減価する貨幣の例 〜 キームガウアー 

書評

以前の記事で特に印象深いと感じた「シルビオ・ゲゼル入門 減価する貨幣」の「減価する貨幣を実際に取り入れた事例」が幾つかあるが今回は実際に現在も流通しているキームガウアーの例を見てみる。

キームガウアーの成り立ち

ルドルフ・シュタイナー(1861〜1925)というドイツの哲学者の思想に基づいて運営されているシュタイナー学校で経済学を教えていたクリスティアン・ゲレーリさんが授業で地域通貨の話をしたところ、女子学生のうち何名かが興味を持ち実際にやってみようと思って実施されたのが始まり。
場所は、オーストリアから車や電車で1時間から1時間半ほど行った事にあるプリーン・アム・キームゼー(人口約1万人)という場所で始まった。

キームガウアー(地域通貨)の仕組み

この地域通貨は以下のような基本的な仕組みに基づいている。

・法定通貨の担保がある(現在はユーロ担保
・登場機関
 ・NPO
   キームガウアー事務局から100ギームガウアーを97ユーロで購入し会員などに100ユーロで販売。
   差額の3ユーロの利益で活動を実施
 ・一般市民(消費者)
  ・寄付したい事業を指定して、ユーロをキームガウアーに交換
  ・地元商店ではキームガウアーを使う
 ・地元商店
  ・商品の代金で受領したキームガウアーで商品を仕入れる
  ・ユーロを必要とする場合は手数料5%でユーロに変換
  ・キームガウアーを受入れる事によりイメージアップ
 ・キームガウアー事務局
  ・100キームガウアーを100ユーロで販売。

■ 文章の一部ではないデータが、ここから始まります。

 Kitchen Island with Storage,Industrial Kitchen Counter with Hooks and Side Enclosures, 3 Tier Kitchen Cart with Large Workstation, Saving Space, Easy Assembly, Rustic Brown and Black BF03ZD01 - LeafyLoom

3ユーロをNPOに寄付
  ・キームガウアーをユーロに交換する際は100キームガウアーでは95ユーロで受け取り、2ユーロは事務局維持費に当てる
・キームガウアーは3ヶ月毎に額面の2%のスタンプを購入して貼る必要がある

「キームガウアー」の導入効果

・2012年末で633店舗と248のNPO団体が参加
・57万キームガウアー(約7500万円)が流通
・年間売上は645ユーロ(約8億3800万円)に達し、5万6千ユーロ(約730万円)近くがNPOに寄付されている

キームガウアーの素晴らしい所は今もなお流通して中央銀行からも潰される事なく成り立っているという点じゃなかろうか。それにしても、ヴェルグルほどの流通速度ではないのは、時代が違う(ヴェルグルの時は世界恐慌)影響だろうか。

いまいろいろ調べているが、ヴェルグルや、キームガウアー以外にも減価する貨幣を実践している事例がポツポツでてくる。例えば、

シュヴァーネンキルヘン(ここも最終的に中央銀行に地方通過を廃止された
・ヴィア銀行

など。
最近でいえば Orb という会社が独自の仮想通貨と支払いネットワークを構築を作るにあたり、減価する貨幣の仕組みを取り入れているようだ。